Not sure that the cat had rear claws....lucky cat....


----------



## HoneyNut (Jun 10, 2022)

Scary,  hope the coyote wasn't waiting at the bottom of the post.  Orange cats seem to be more susceptible, I guess they are easier to spot.


----------



## Gemma (Jun 10, 2022)

Shame on the person filming this and not intervening to help that cat.


----------



## win231 (Jun 10, 2022)

HoneyNut said:


> Scary,  hope the coyote wasn't waiting at the bottom of the post.  Orange cats seem to be more susceptible, I guess they are easier to spot.


Or they taste better.


----------



## win231 (Jun 10, 2022)

Gemma said:


> Shame on the person filming this and not intervening to help that cat.


I don't think anyone was filming.  A security camera filmed it late at night.


----------



## Blessed (Jun 10, 2022)

That was just horrible!! Poor little thing, you can just see the look in his eyes and face. See him talking, begging for help.  Somebody did film that, watch again, you can see the porch light go on and you can see the camera zoom in. I hope that cat comes back and makes his yard a litter box and slaps the person HARD in the face.

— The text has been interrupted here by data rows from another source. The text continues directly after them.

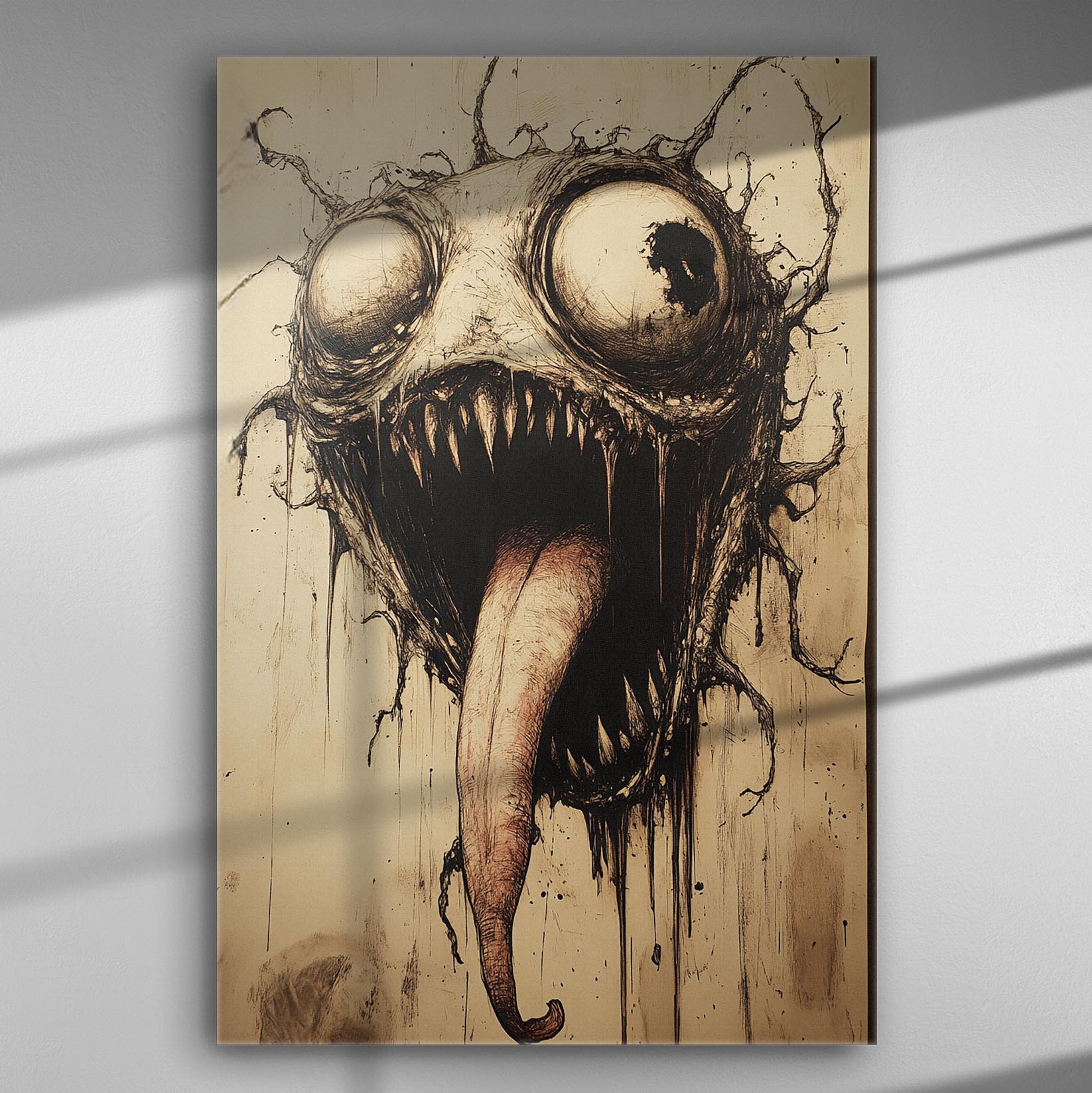 Terrifying artistic canvas print depicting a horrific face with large eyes and a creepy tongue on a wall.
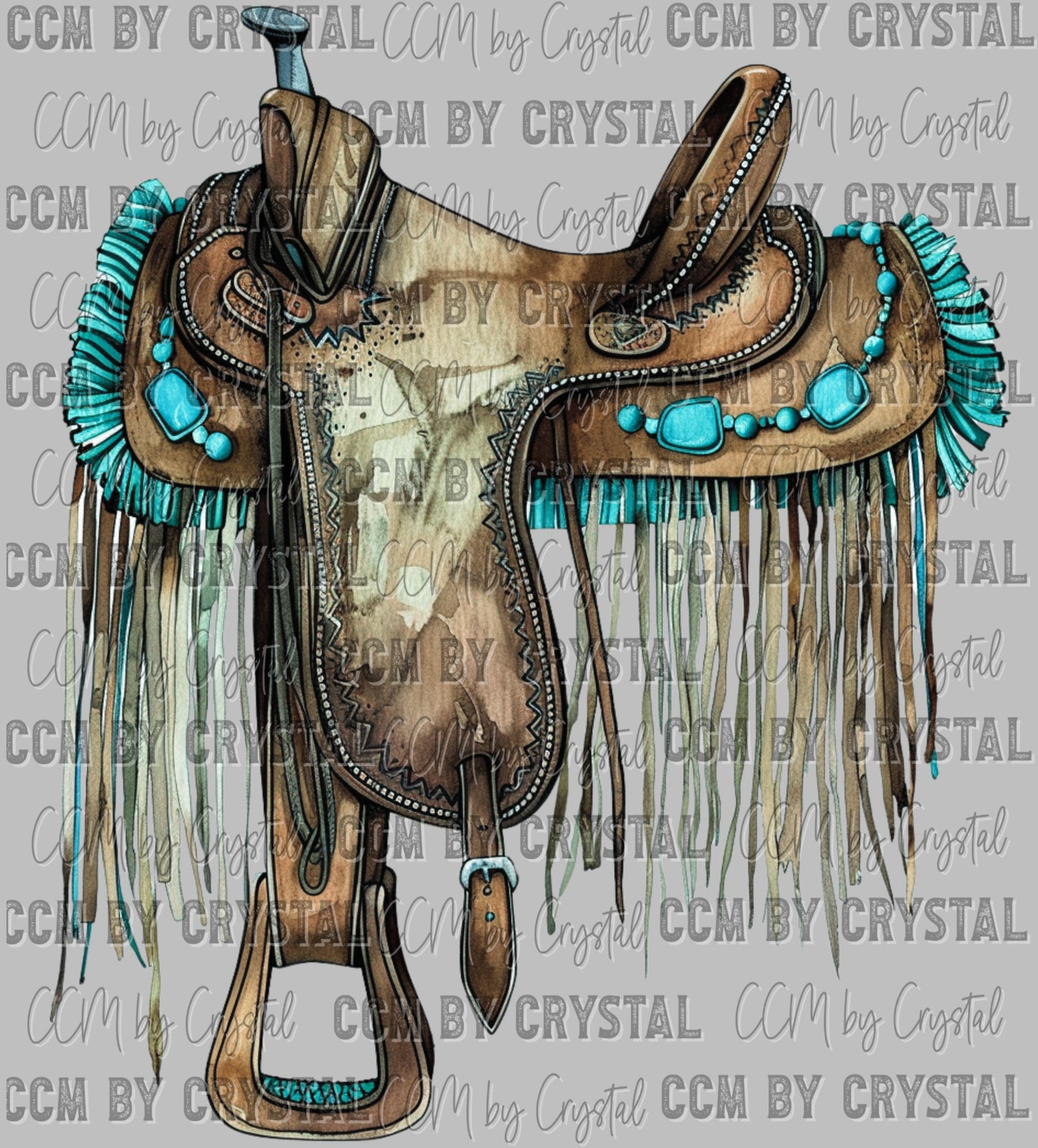Saddle Turquoise Western Ready to Press Transfer DTF Transfer Sublimation Transfer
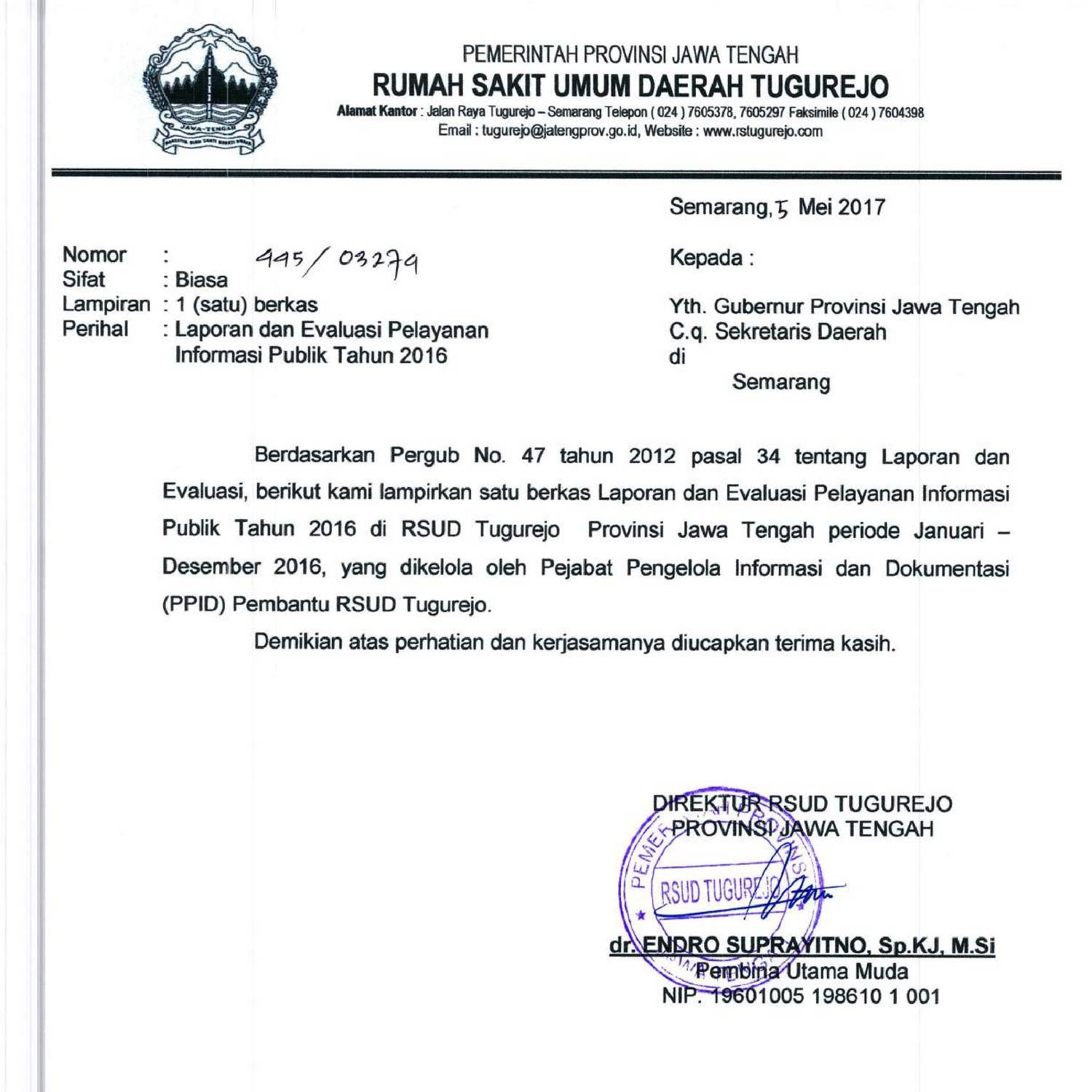 Contoh Surat Iringan Laporan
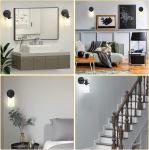 Black Wall Sconces Set of 2 Industrial Bathroom Vanity Wall Light Fixtures with Clear Glass Shade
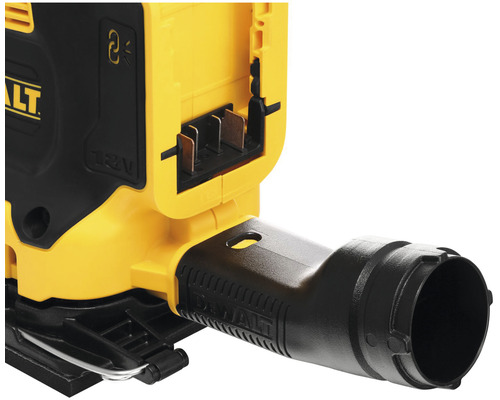 Detail žluté a černé brusky s odsáváním prachu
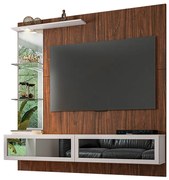 Painel de TV Home Suspenso Quartzo 180cm Imbuia/Beige - Vizzato - Bege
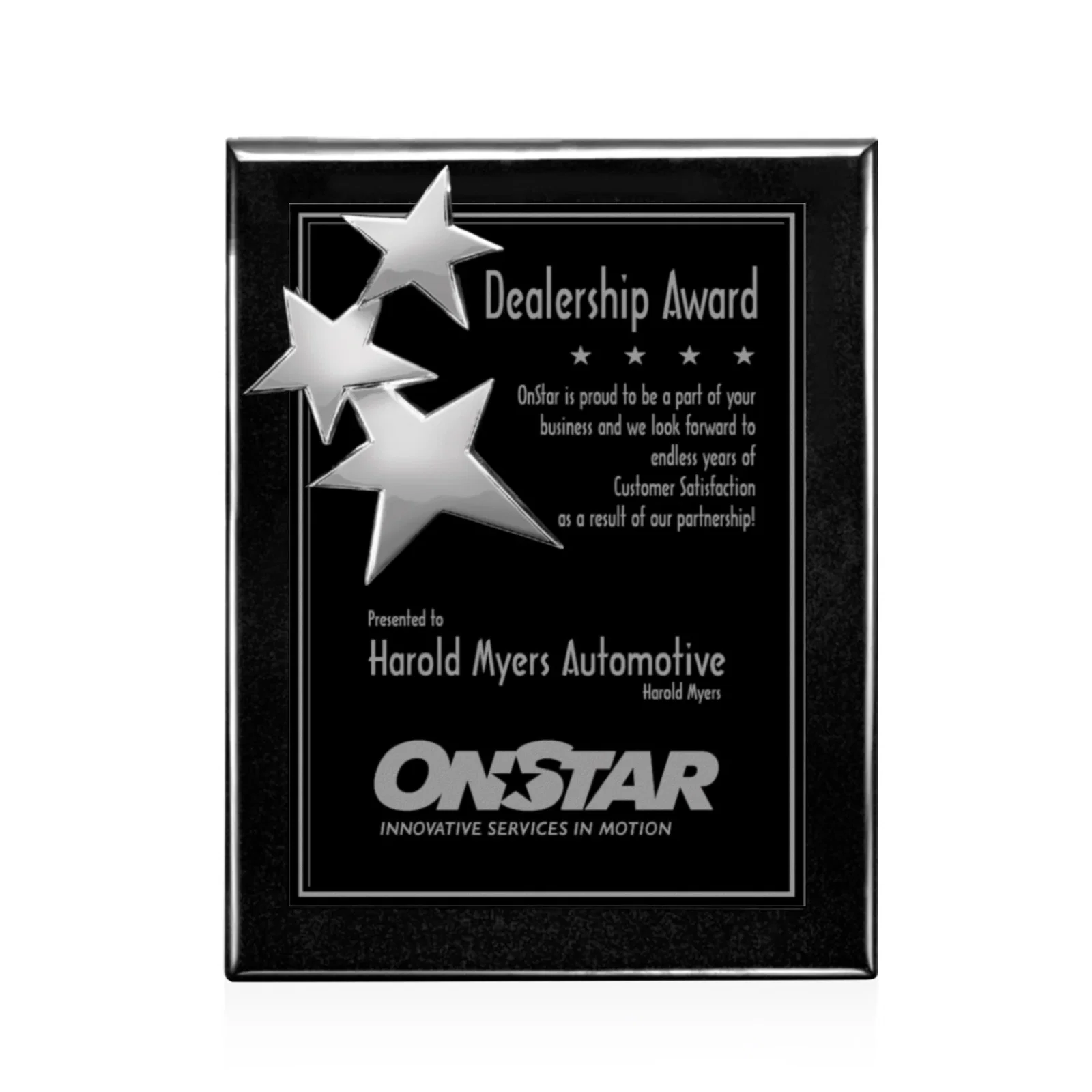 Custom Wood-Tone Wall Plaque with Constellation of Three Stars for donor appreciation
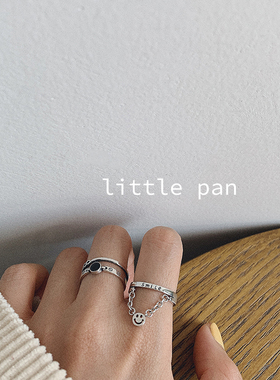 双层链条925纯银韩国ins风戒指女
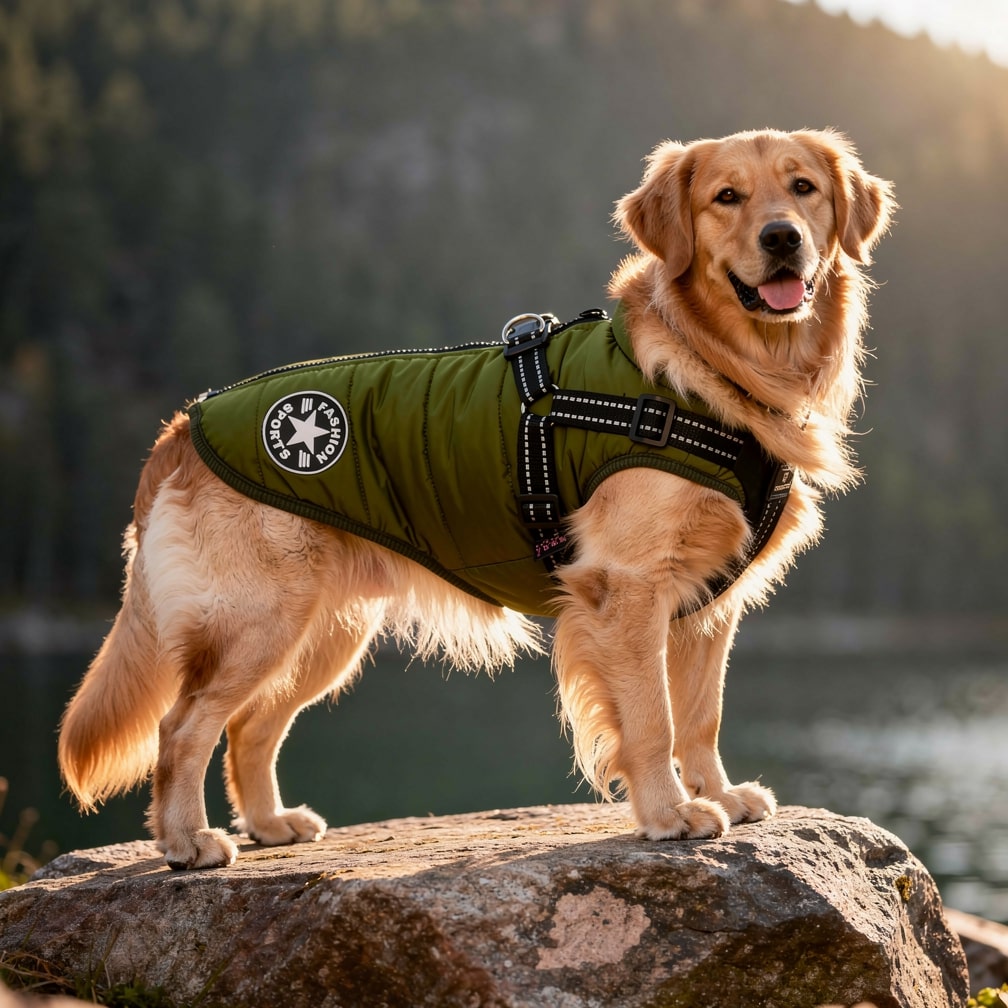 Abrigo de invierno para perros — impermeable, reflectante, con arnés integrado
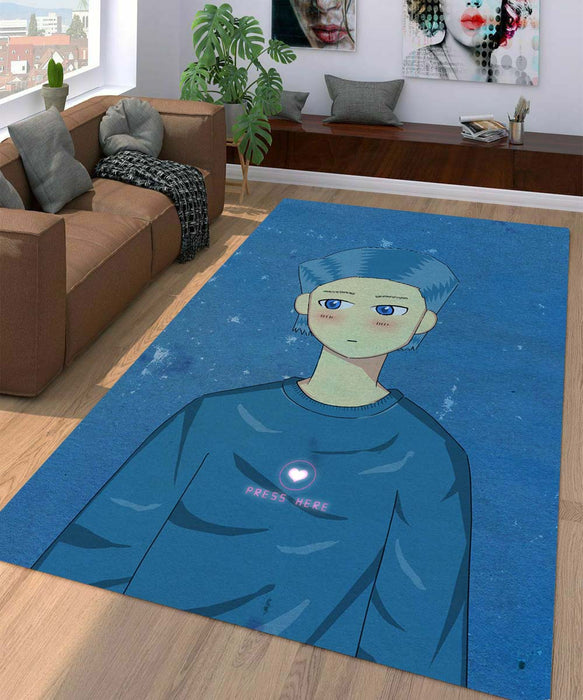 anime boy cute aesthetic Living room carpet rugs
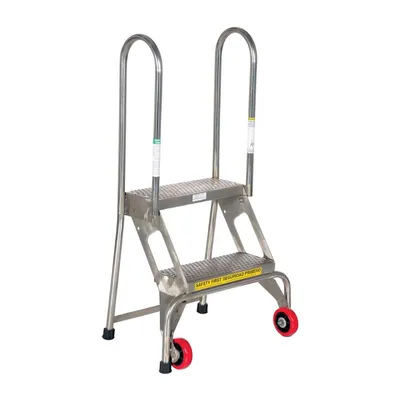 Vestil FLAD-2-SS Stainless Steel Folding Ladder with Wheels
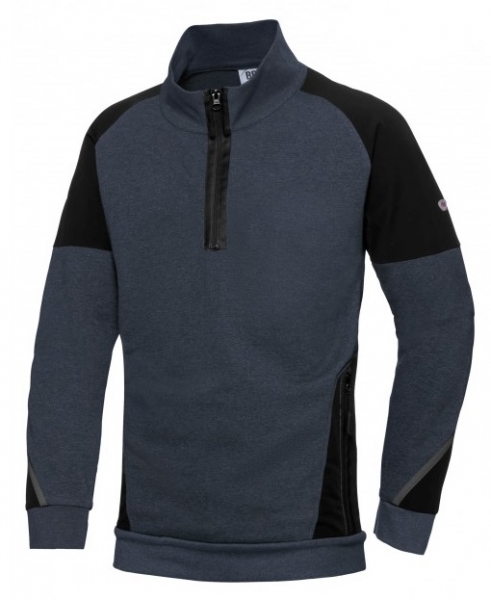 BP-Herren-Sweatshirt-Troyer, BPlus Modern Stretch, nachtblau/schwarz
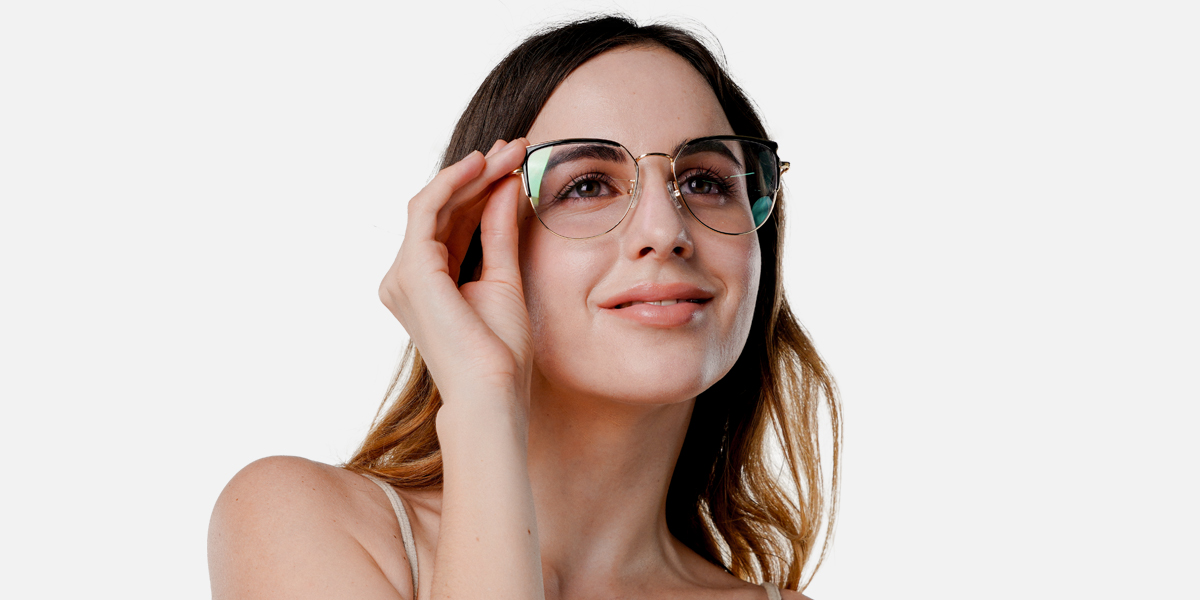 Women's full frame mixed material eyeglasses | Firmoo.com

There has been trouble in our community with coyotes. They not only attack domesticated animals but have been attacking small children in their own yards in broad daylight!!  I do not worry so much during the day but I am at the door with the back lights on when the dogs go out to potty.  I keep a broom and a baseball bat right there.  If something bothers my pets, I will protect them.  I don't have many wild animals come into the yard now.  I have a 88# chow that can do the job if need be.


----------



## win231 (Jun 10, 2022)

Blessed said:


> That was just horrible!! Poor little thing, you can just see the look in his eyes and face. See him talking, begging for help.  Somebody did film that, watch again, you can see the porch light go on and you can see the camera zoom in. I hope that cat comes back and makes his yard a litter box and slaps the person HARD in the face.
> 
> There has been trouble in our community with coyotes. They not only attack domesticated animals but have been attacking small children in their own yards in broad daylight!!  I do not worry so much during the day but I am at the door with the back lights on when the dogs go out to potty.  I keep a broom and a baseball bat right there.  If something bothers my pets, I will protect them.  I don't have many wild animals come into the yard now.  I have a 88# chow that can do the job if need be.


The porch light may have been a motion detector light that comes on automatically - as most security lights are.
The zooming in can be edited in later.


----------



## Gemma (Jun 10, 2022)

win231 said:


> I don't think anyone was filming.  A security camera filmed it late at night.


Yes, you were correct.  The guy banged on his window to scare the coyote off.
Coyote vs. Cat: Fierce feline narrowly escapes its enemy in Surfside showdown


----------